What is the greatest $4$-digit integer for which the sum of its proper divisors is $n-1$ 
What is the greatest  $4$-digit integer $n$ for which the sum of its proper divisors is $n-1$?

I can't think of a way to solve this without guessing and checking.
Edit: It is easy to show that all powers of $2$ are such numbers. But are they the only numbers?
 A: What is the definition of "proper divisor" of $n$ ? Like proper subgroup, or proper ideal, I think it can also mean that $1$ and $n$ are not proper. In that case we look for the largest positive integer $n<10000$ with $\sigma(n)=(n-1)+1+n=2n$, hence for a perfect number less that $10^4$. This is $n=8128$.
In case, $\sigma(n)=2n-1$, $n$ is called almost perfect. The only known almost perfect numbers are the powers of $2$. It is not known whether there are others, see the link. So then the answer is, as already remarked, $n=8192$.
A: I get $8192$. This is also $2^{13}$, which I'm sure is significant. I was lazy and programmed it.
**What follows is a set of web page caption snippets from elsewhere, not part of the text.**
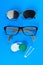 Medical concept. A set of accessories for sight. Top view. Pinhole glasses, lenses with container and glasses for sight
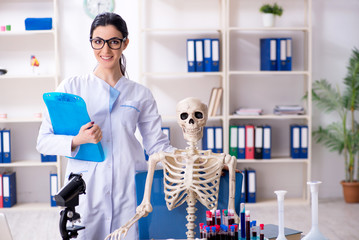 Young female archaeologist working in the lab 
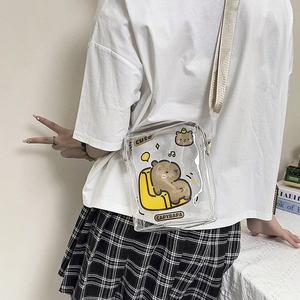 Back view of a transparent capybara crossbody bag shown on a model with a plaid skirt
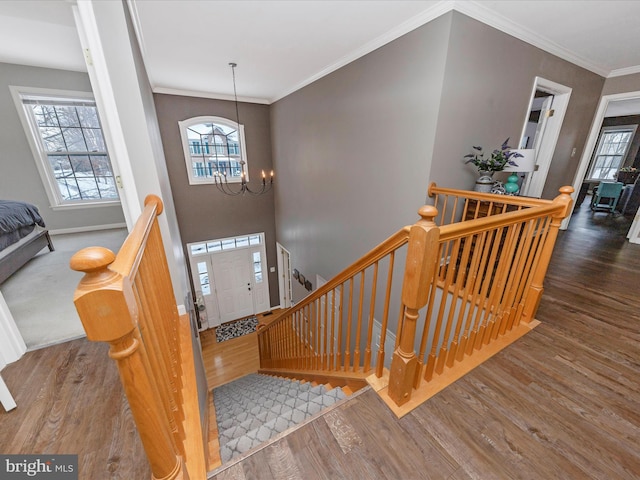 entryway featuring crown molding, a chandelier, and dark hardwood / wood-style floors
Its divisors are 1,2,4,8,16,32,64,128,256,512,1024,2048,4096.
using System;

class Program
{
static void Main()
{

    int result = 9999;

    for (int i = 9999; i >= 1000; i--)
    {
        if (SumOfDivisors(i) == i - 1)
        {
            result = i;
            break;
        }
    }

    Console.WriteLine(result);
    Console.ReadKey();
}

//Sums the proper divisors of n
static int SumOfDivisors(int n)
{
    int sum = 0;
    for (int i = 1; i <= n / 2; i++)
    {
        if (n % i == 0) sum += i;
    }
    return sum;
}
}